Class Feature Centroid Classifier
This is a simple machine learning algorithm for text categorization based in the Hu Guan et al. (available here) article.
$ npm i cfc-classifier
Usage
const CFC = require('cfc-classifier')
// Your dataset
const categories = ['a', 'b']
const corpus = [['category A'], ['category B']]
// Create a new classifier instance
const cfc = new CFC(categories, corpus)
// Train the classifier
cfc.train()
// Now you can classify texts
// the function below will return 'a'
cfc.classify('this text will be classified at category A')
Parsing step
In function of remove stopwords, word clustering or things like that this lib is open to insert any parsing steps that you want. In the example below I am inserting a parsing function that only remove the 'a' tokens.
const CFC = require('cfc-classifier')
const categories = ['a']
const corpus = [['a simple text, with some! interesting. things']]

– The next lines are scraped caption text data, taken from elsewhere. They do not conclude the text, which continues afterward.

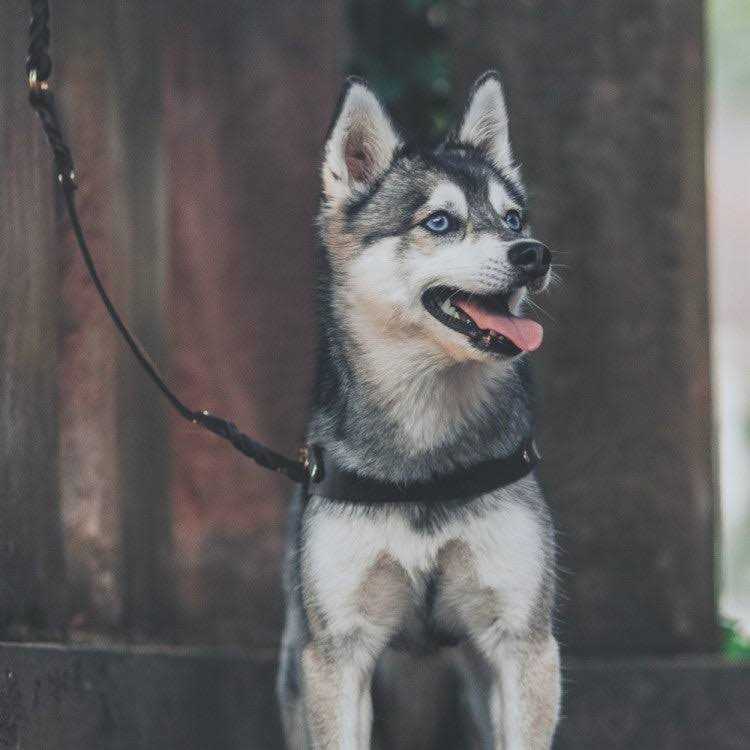 Leather Dog Harness W7567
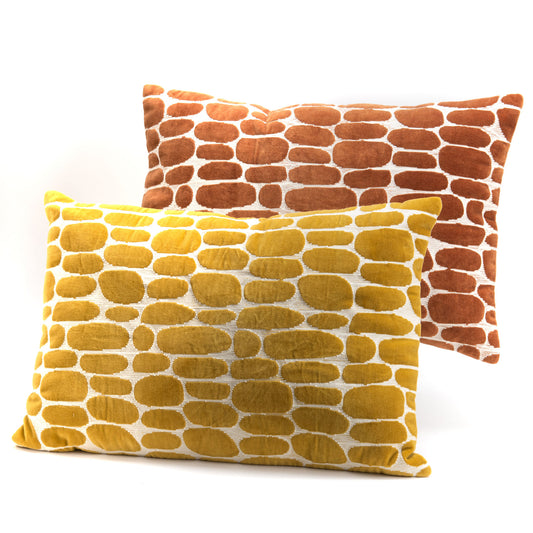 2 coussins assortis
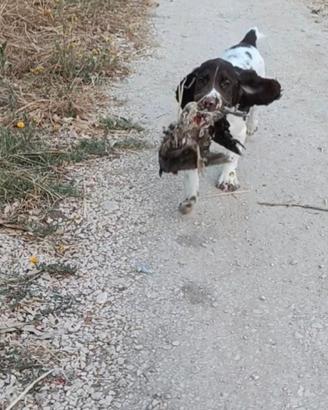 Springer spaniel inglese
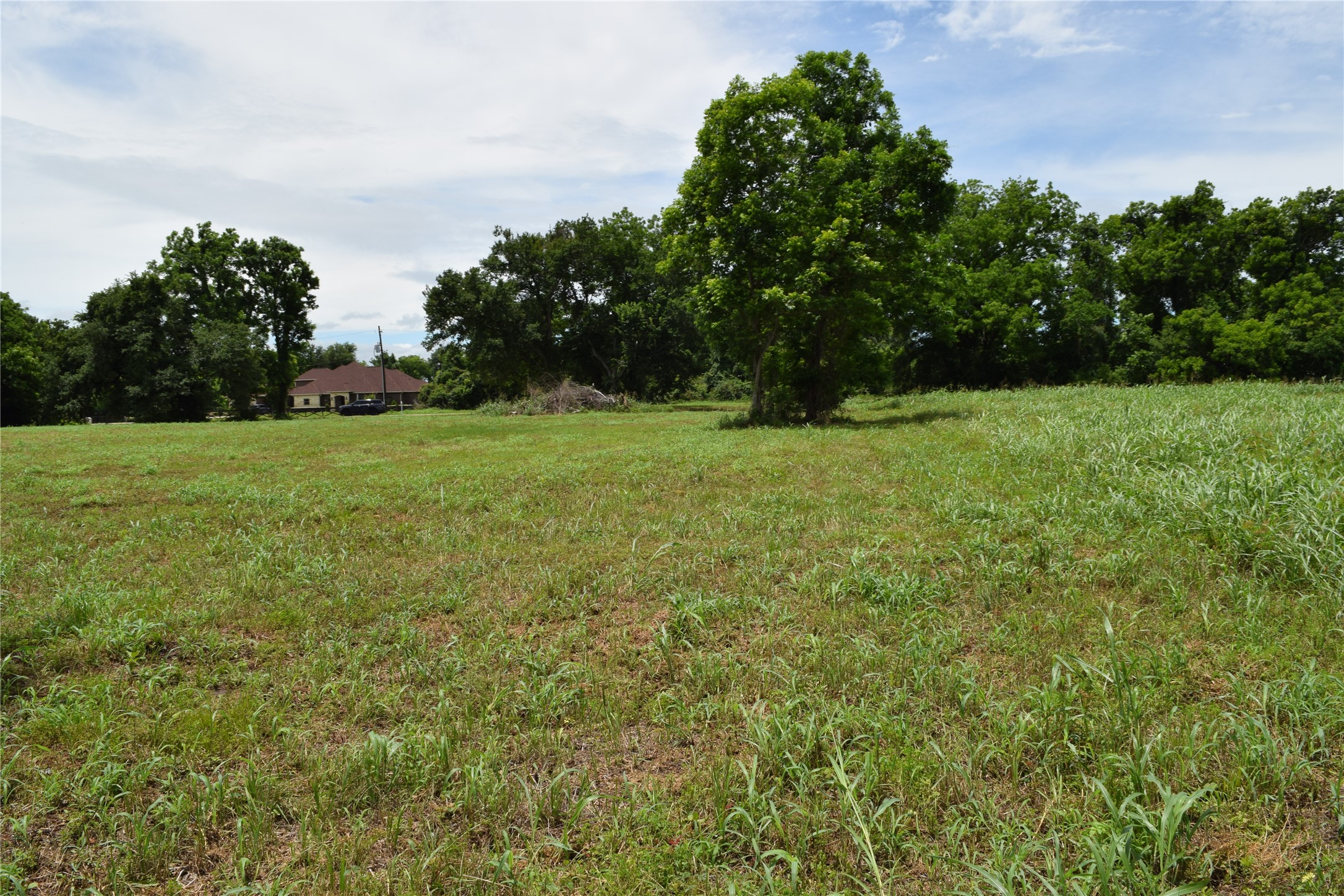 22819 Pittman Drive Angleton, TX 77515 - Photo 8 of 15 From the back of the lot, looking down the North property line back toward the road.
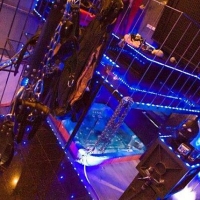 Blue Emotion - Foto 24 von 24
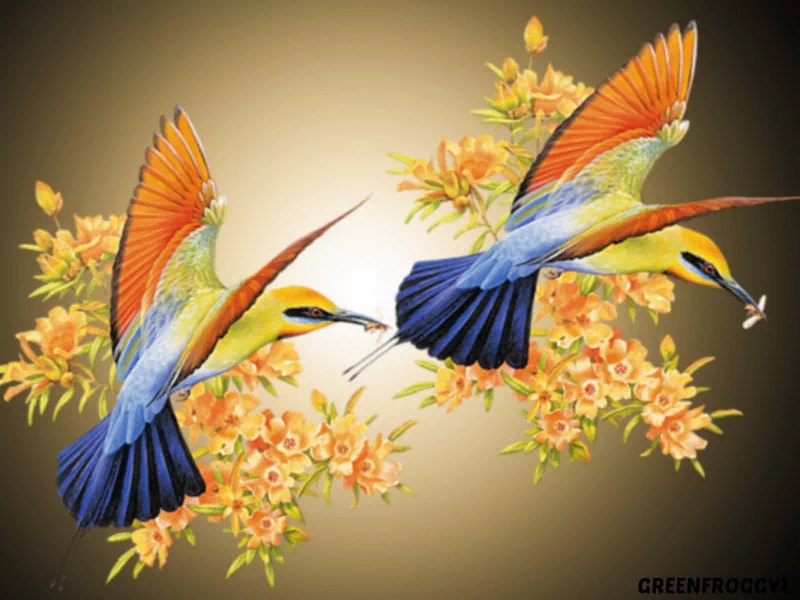 Two colorful bee-eater birds in mid-flight near blooming orange flowers against a soft gradient background.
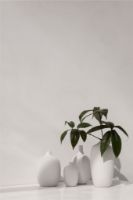 Billede af Blomus Ceola Vase H: 13 cm - White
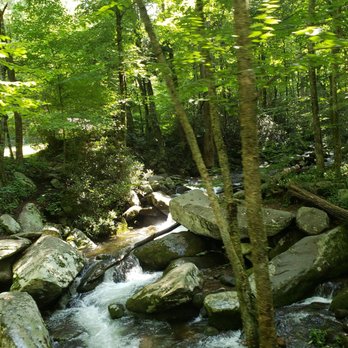 Roaring Fork Motor Nature Trail - Hiking Near Me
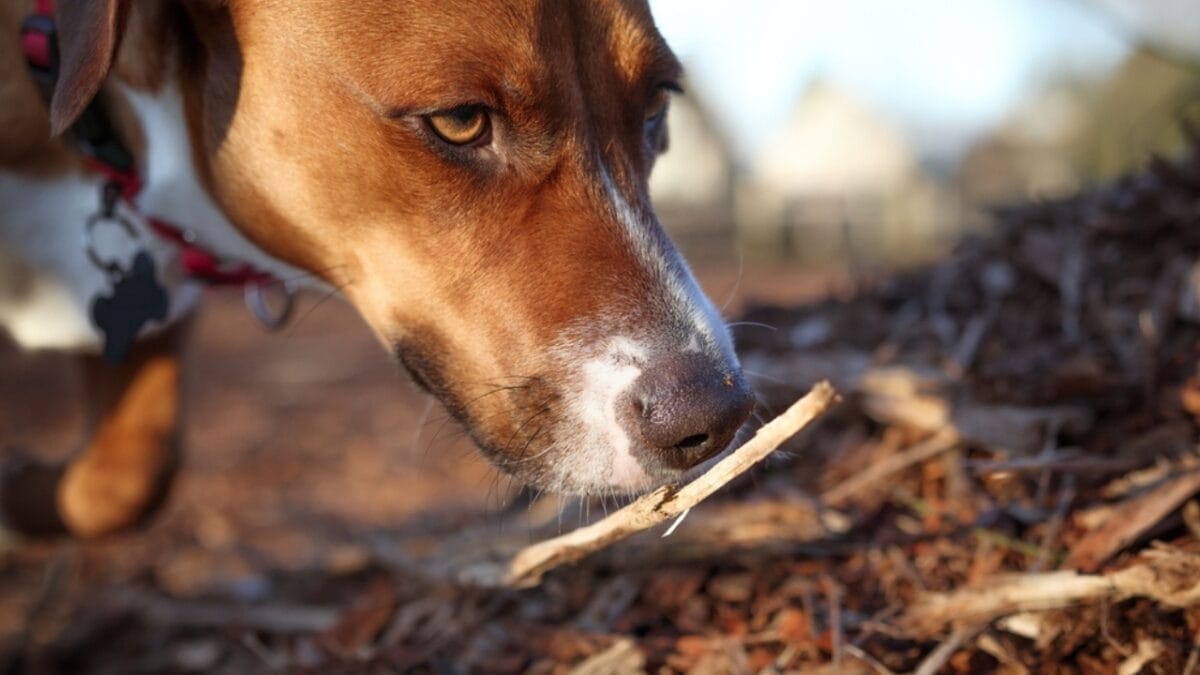 35 Fun Ways to Keep Your Dog Entertained Indoors - harrier dog sniffing ss2263787585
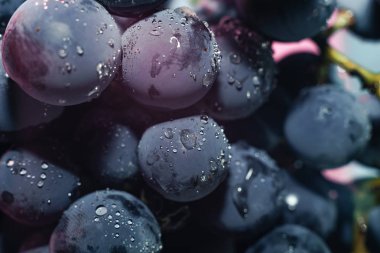 Yakın güzel mavi ıslak Isabella üzüm demet arka plan ve pembe ışık kadar. Makro görünümü.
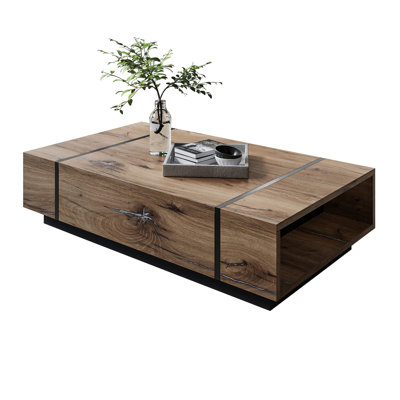 Schueler Coffee Table with Storage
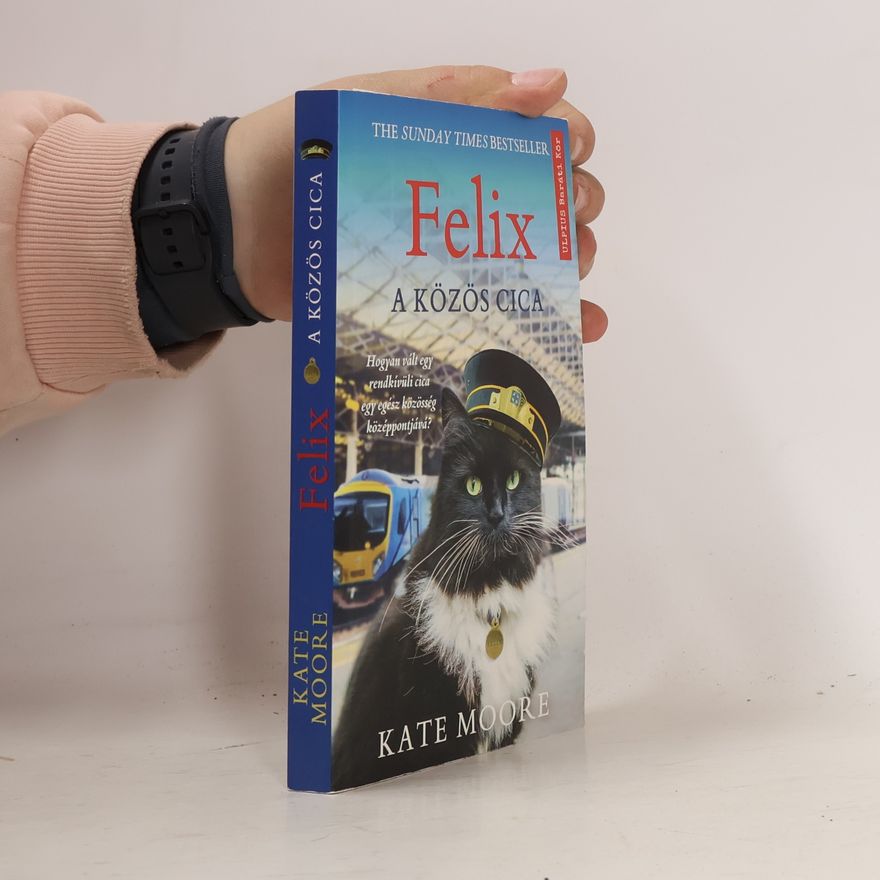 Kate Moore Felix: A Közös Cica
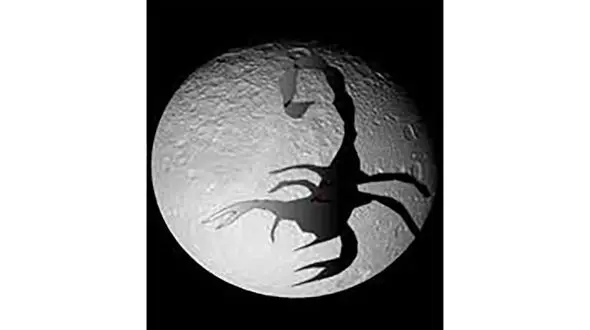 چند نمونه از انسان هایی که به حیوان تبدیل شدند + جزییات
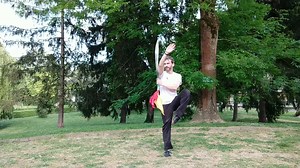 10 cours de tai-chi en ligne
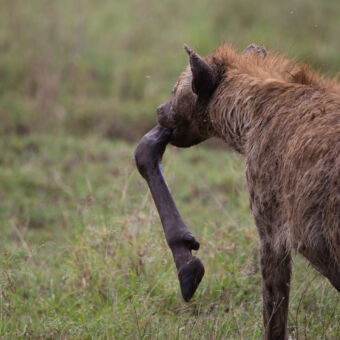hyena met poot in z'n bek ban een gnoes lopend over de serengeti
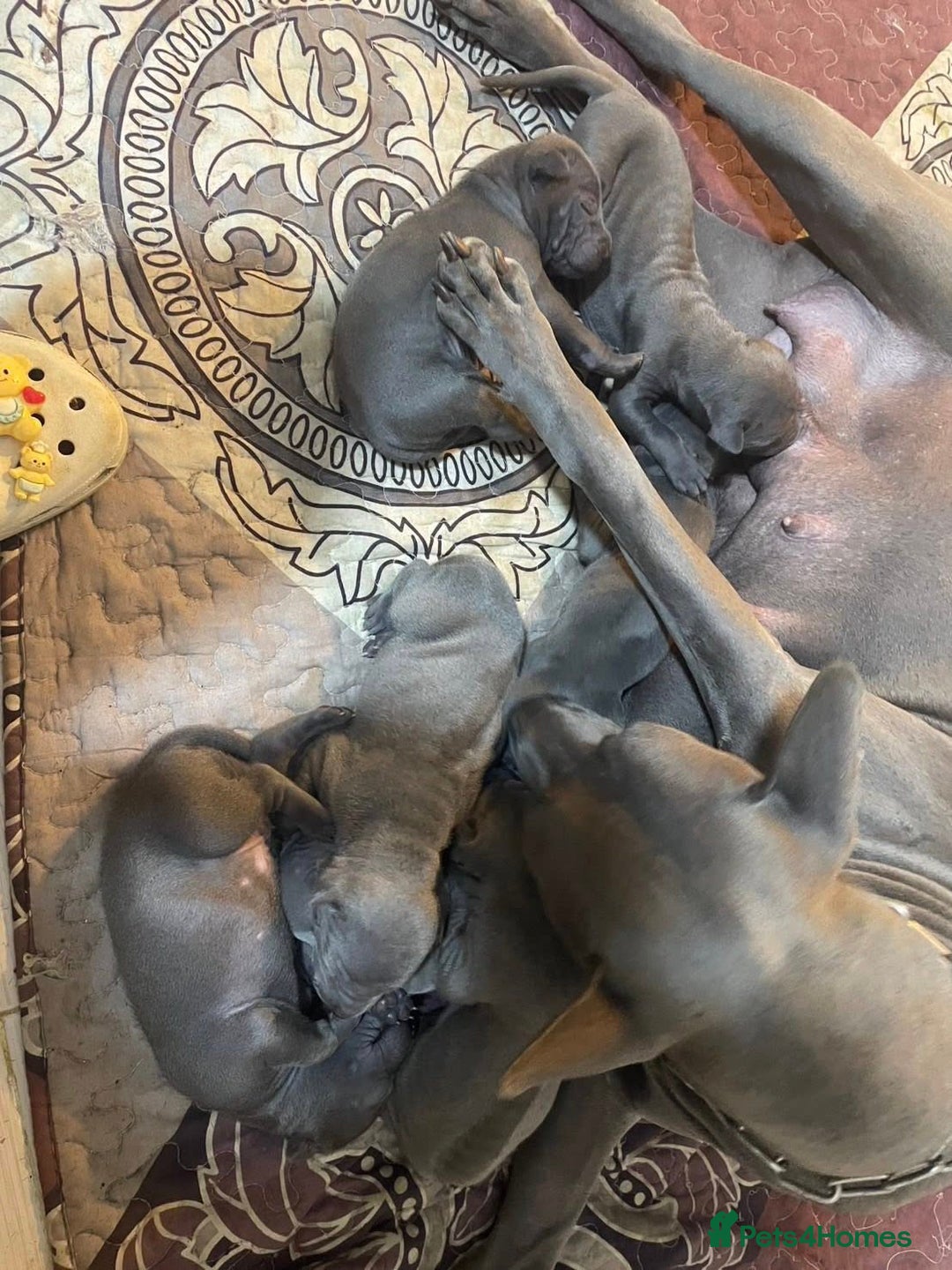 Thai Ridgeback dogs for sale: Stunning Blue Thai Ridgeback Puppies for Sale - Advert 17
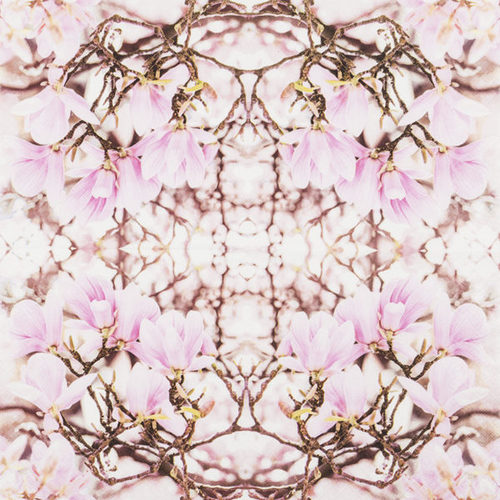 מפיות נייר 20 יח' Pink Magnolia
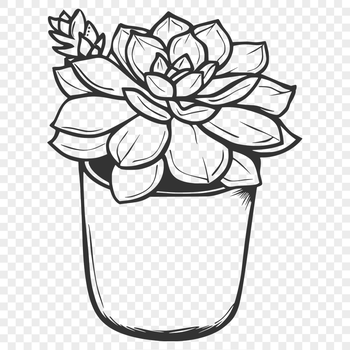 Beautiful Plant In PDF And PNG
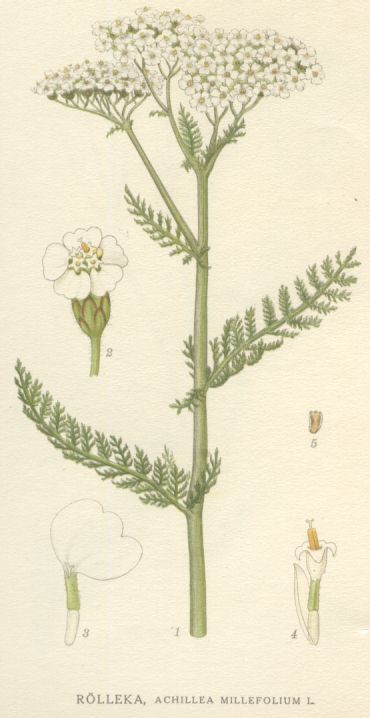 Achillea millefolium
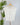 Z SUPPLY Camino Jersey Top in White-122 - Jersey Tops S/S (Dec - May)-Little Bird Boutique
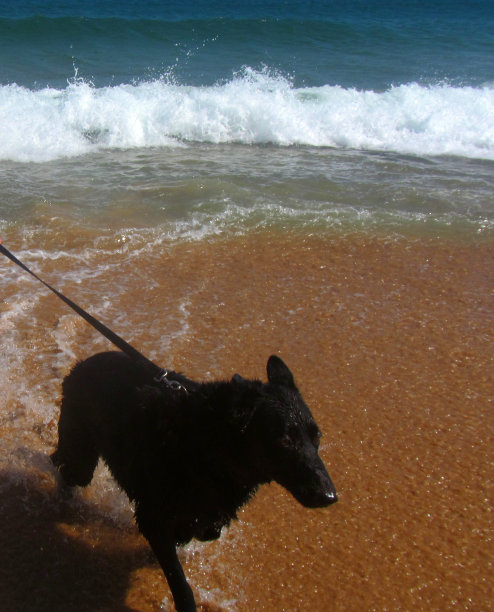 男孩和狗在海滩上图片下载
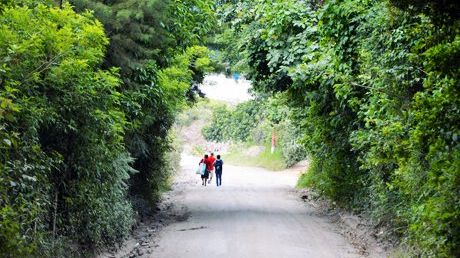 Alternate Education for Rural Development: A Practical, Successful Solution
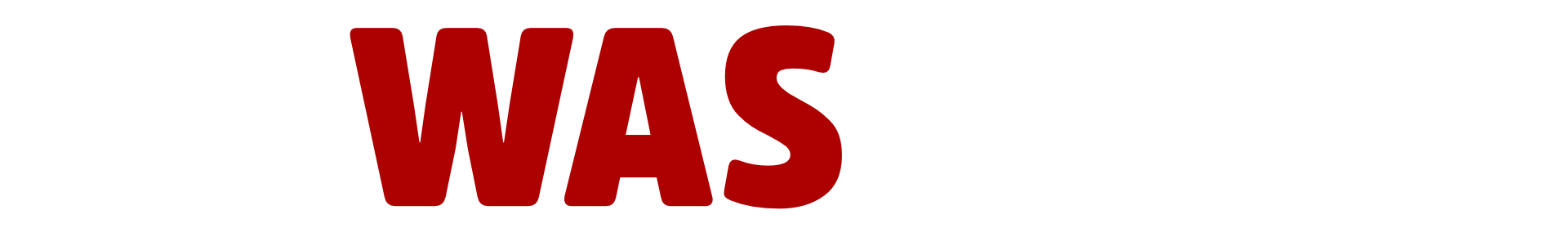 WASViking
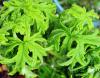 Pelargonium 'Crispy' HORT'IS VIRIDIOS (R)
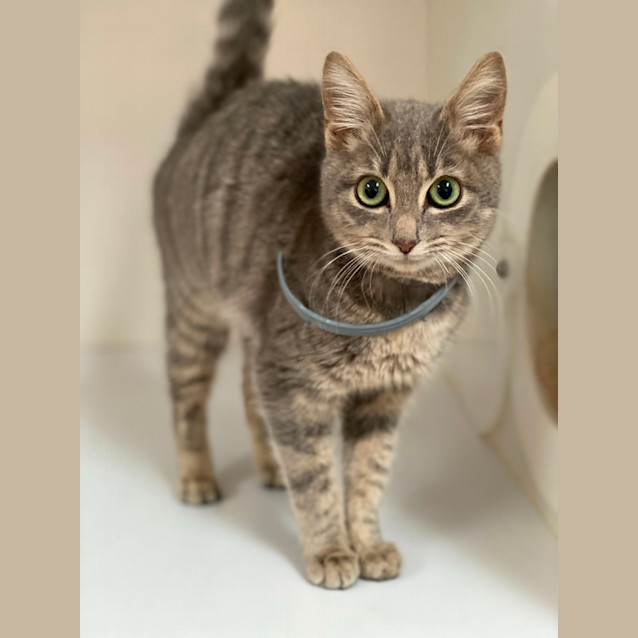 Photo of Avery (6158)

const cfc = new CFC(categories, corpus)
// Add a parsing stepthis could be a remove
// stopwords function or something like that
const removeLetterA = (textTokens) => textTokens.filter(token => token.toLowerCase() !== 'a')
cfc.addParsingStep(removeLetterA)
const tokens = cfc.generateTokens(cfc.corpus)
// tokens === [ 'simple', 'text', 'with', 'some', 'interesting', 'things' ]
Testing
You can see examples in the __tests__
folder.
$ npm test
> DEBUG=ava:* nyc ava --color -v
✔ parsingStep › Remove letter A using parsing step
✔ countTermOccurrences › Generate unique terms
✔ tokens › Tokenize documents
✔ classify › Classify a text
✔ uniqueTerms › Generate unique terms
5 tests passed
----------|----------|----------|----------|----------|-------------------|
File | % Stmts | % Branch | % Funcs | % Lines | Uncovered Line #s |
----------|----------|----------|----------|----------|-------------------|
All files | 100 | 100 | 100 | 100 | |
index.js | 100 | 100 | 100 | 100 | |
----------|----------|----------|----------|----------|-------------------|